__SUPPLIED RECORDS__
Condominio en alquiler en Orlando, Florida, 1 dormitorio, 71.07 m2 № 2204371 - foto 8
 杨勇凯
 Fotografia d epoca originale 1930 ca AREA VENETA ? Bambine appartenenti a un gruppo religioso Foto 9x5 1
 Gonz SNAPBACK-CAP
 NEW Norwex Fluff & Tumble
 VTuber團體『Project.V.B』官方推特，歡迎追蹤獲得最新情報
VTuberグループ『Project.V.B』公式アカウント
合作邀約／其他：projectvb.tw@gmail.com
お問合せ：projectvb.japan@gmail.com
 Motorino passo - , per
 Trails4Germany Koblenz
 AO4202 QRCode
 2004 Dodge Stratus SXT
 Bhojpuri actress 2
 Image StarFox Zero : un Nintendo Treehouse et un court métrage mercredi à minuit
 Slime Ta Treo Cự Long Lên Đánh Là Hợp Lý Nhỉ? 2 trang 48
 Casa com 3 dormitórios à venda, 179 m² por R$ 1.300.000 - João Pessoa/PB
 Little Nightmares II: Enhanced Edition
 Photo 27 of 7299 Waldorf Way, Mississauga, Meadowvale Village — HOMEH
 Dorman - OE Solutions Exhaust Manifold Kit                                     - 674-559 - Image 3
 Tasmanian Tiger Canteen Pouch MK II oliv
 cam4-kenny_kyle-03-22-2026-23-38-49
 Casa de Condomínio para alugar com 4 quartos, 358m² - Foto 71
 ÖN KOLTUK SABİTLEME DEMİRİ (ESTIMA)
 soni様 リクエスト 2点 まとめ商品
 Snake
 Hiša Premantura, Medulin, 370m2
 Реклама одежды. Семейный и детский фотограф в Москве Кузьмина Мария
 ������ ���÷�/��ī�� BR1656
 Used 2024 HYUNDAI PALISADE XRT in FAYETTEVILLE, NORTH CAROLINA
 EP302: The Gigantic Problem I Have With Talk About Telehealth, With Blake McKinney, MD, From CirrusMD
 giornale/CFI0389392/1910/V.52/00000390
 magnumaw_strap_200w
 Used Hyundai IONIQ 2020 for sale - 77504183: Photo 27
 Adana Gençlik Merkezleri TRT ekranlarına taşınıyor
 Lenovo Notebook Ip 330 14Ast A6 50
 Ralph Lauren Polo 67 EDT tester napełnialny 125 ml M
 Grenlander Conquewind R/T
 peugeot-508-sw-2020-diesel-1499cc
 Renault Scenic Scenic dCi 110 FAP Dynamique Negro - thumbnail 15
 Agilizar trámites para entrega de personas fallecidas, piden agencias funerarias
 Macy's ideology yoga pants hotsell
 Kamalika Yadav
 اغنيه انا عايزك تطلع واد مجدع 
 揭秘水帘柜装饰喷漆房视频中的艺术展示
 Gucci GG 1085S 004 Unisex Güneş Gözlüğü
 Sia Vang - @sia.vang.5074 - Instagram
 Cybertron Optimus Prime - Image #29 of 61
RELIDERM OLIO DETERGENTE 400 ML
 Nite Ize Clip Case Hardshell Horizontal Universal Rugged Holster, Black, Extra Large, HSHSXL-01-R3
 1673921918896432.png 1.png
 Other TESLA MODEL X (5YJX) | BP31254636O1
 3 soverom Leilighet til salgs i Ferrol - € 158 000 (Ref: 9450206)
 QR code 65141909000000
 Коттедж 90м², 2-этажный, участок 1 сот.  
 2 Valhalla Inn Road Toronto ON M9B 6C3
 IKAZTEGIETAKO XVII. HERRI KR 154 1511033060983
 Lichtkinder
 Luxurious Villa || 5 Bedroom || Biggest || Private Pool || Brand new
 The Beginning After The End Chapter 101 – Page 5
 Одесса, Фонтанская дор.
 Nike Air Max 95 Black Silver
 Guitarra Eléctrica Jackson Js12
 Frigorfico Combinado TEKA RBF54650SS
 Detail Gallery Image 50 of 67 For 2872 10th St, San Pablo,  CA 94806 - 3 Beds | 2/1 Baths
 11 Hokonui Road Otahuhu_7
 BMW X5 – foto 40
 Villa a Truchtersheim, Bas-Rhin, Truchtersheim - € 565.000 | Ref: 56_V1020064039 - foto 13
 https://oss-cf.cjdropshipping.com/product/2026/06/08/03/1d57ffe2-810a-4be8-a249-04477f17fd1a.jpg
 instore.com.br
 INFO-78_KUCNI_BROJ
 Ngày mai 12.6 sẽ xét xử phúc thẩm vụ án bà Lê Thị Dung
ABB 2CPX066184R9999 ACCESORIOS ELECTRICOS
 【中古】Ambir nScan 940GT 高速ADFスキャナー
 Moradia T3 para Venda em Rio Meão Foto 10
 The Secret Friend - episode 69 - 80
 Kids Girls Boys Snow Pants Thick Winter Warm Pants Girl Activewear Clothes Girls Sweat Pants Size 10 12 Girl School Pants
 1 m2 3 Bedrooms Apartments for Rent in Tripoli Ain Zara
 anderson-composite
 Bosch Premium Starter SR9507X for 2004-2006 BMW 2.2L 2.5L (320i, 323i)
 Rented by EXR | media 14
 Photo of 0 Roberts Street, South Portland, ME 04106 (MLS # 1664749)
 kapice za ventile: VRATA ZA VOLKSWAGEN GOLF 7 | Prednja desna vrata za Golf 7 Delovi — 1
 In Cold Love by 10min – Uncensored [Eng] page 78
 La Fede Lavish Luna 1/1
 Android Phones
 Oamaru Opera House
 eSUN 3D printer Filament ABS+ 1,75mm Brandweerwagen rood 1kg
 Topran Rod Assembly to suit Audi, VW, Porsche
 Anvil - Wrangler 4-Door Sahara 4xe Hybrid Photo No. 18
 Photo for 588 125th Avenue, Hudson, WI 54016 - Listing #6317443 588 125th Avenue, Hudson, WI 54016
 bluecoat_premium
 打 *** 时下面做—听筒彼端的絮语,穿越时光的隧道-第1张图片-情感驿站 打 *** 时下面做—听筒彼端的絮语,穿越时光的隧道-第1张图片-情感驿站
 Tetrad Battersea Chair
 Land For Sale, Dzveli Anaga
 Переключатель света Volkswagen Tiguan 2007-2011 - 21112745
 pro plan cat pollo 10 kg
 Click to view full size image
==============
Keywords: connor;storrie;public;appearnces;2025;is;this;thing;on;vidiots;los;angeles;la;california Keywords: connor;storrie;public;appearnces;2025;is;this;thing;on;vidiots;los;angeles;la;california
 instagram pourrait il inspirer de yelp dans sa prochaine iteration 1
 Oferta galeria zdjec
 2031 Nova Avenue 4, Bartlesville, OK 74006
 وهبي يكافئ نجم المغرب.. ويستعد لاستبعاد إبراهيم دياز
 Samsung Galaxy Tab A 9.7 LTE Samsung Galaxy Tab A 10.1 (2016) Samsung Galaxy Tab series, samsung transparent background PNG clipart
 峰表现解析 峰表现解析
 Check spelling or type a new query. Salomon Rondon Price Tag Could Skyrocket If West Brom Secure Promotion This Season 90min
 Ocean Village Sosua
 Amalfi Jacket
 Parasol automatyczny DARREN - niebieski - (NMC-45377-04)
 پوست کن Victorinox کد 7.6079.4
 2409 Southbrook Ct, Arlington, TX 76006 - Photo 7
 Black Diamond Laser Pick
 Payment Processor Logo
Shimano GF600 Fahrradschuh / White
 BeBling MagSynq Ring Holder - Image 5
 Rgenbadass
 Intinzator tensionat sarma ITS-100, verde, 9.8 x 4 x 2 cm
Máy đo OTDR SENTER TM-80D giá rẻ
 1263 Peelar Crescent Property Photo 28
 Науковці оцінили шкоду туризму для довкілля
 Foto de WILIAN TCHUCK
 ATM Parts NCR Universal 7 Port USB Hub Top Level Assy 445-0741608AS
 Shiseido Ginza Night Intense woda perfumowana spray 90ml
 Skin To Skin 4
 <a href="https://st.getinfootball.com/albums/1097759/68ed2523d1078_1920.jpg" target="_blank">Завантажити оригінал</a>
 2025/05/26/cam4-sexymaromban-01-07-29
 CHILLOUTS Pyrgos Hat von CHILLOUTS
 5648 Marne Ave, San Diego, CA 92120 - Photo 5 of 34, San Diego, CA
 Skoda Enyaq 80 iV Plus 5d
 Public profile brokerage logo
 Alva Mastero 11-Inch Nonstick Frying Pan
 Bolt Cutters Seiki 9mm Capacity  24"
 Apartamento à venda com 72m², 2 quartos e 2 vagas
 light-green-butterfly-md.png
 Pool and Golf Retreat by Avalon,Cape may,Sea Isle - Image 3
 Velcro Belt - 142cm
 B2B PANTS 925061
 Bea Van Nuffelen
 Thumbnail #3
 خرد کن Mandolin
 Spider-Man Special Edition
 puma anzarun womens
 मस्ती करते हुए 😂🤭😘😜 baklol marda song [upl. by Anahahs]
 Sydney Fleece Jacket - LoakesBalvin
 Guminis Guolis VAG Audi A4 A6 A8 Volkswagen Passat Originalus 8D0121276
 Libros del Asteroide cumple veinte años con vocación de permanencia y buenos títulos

__PROBLEM__
Both the first line of the data above and the line with "合作邀約／其他：projectvb.tw@gmail.com" must be included; please return exactly those lines and the ones between them.

__ANSWER TO THIS EXERCISE__
Condominio en alquiler en Orlando, Florida, 1 dormitorio, 71.07 m2 № 2204371 - foto 8
 杨勇凯
 Fotografia d epoca originale 1930 ca AREA VENETA ? Bambine appartenenti a un gruppo religioso Foto 9x5 1
 Gonz SNAPBACK-CAP
 NEW Norwex Fluff & Tumble
 VTuber團體『Project.V.B』官方推特，歡迎追蹤獲得最新情報
VTuberグループ『Project.V.B』公式アカウント
合作邀約／其他：projectvb.tw@gmail.com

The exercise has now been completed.